Cranfield turned out to be a smaller scale version of Oshkosh. By the end of Saturday there were over 1,500 aircraft on the field, representing almost all of the popular kit and plans-built designs. The sport aircraft movement in Europe has a different flavor than found in the US, however. With the high cost of gasoline (near $4.00/gal) ultralights and very light aircraft are more common than the high performance types. The most numerous types present were the Europas, Team Mini-Maxes, Rans S-7s, Kitfoxes, and Avids. Also in attendance though were several RVs, Long EZs, Lancairs, Acro Sports, and even 1 WAR FW-190.
The top awards were presented on Sunday morning. The Best Plans-Built trophy went to a white Falco F8L (registration G-OCAD). The Best Kit-Built trophy went to a beautiful black with purple trim Lancair 360 (registration PH-BPM).
In addition to the outstanding workmanship demonstrated by the majority of the aircraft, I was impressed by the distance traveled by many of the attendees. Many aircraft had flown in France, Germany, and Belgium, but I also saw at least 10 that had flown in from Sweden. One Rans S-10 had even arrived from Finland.
I spent a lot of time exploring the exhibition tents, and looked at several version of alternative engines. The two drawing the most attention were the Jabiru 2200, and the two Mid-West Engines rotary engines. The Jabiru 2200 is a 2200cc 4-cylinder, 4-stroke, horizontally opposed air cooled engine developing 80 hp at 3300 rpm. The Jabiru's installed weight is under 120 lbs. Jabiru also had a composite kit aircraft on display powered by, you guessed it, a Jabiru 2200. I took several photographs of this well thought out installation.
Mid-West Engines had two versions of their rotary engines on display. The single rotor AE-50, and the twin rotor AE-100. The AE-50, a 50 hp model, is certified to JAR 22. The AE-100, a 100 hp model, is only for use in experimentals. One Europa was present with an AE-100 installation. Although the performance data on these engines looks good, the fuel consumption figures are on the high side. The data on the AE-100 shows max power consumption of 10 gal/hr.

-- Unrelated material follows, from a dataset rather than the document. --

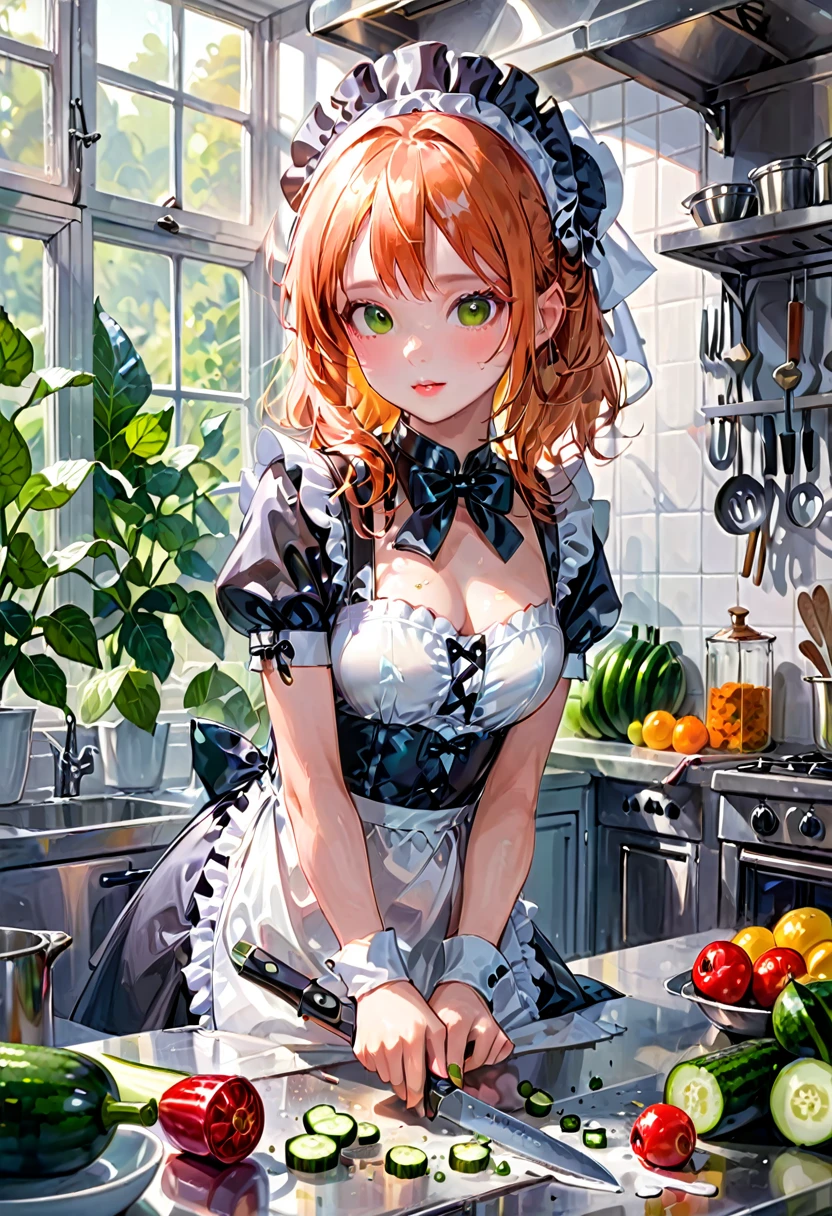 Maid Outfit, beautiful french maid in white latex outfit cutting cucumber in kitchen with knive, pretty face , pretty features, pretty pose, delicate, innocent, pretty kitchen, roses, light, detailed, acrylic, watercolor, royo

The flea market and vendor areas were similar to stateside fly-ins with representatives present from Vans, Murphy, Stoddard-Hamilton (showing the GlaStar), Skystar, and Poly-Fiber. While inspecting the Poly-Fiber demo area, attention was drawn to the presence of a member of Chapter 1000 by a member of another Southern California Chapter. Working in the demo area were Jon and Phyllis Goldenbaum from Chapter 1. No matter where they go, the Chapter 1 folks just can't get away from the Project Police.
Overall the event was well organized, and there was only one incident. On Friday, the nose gear collapsed on a Tri-Q during landing, and the aircraft was destroyed by fire, but no one was seriously hurt.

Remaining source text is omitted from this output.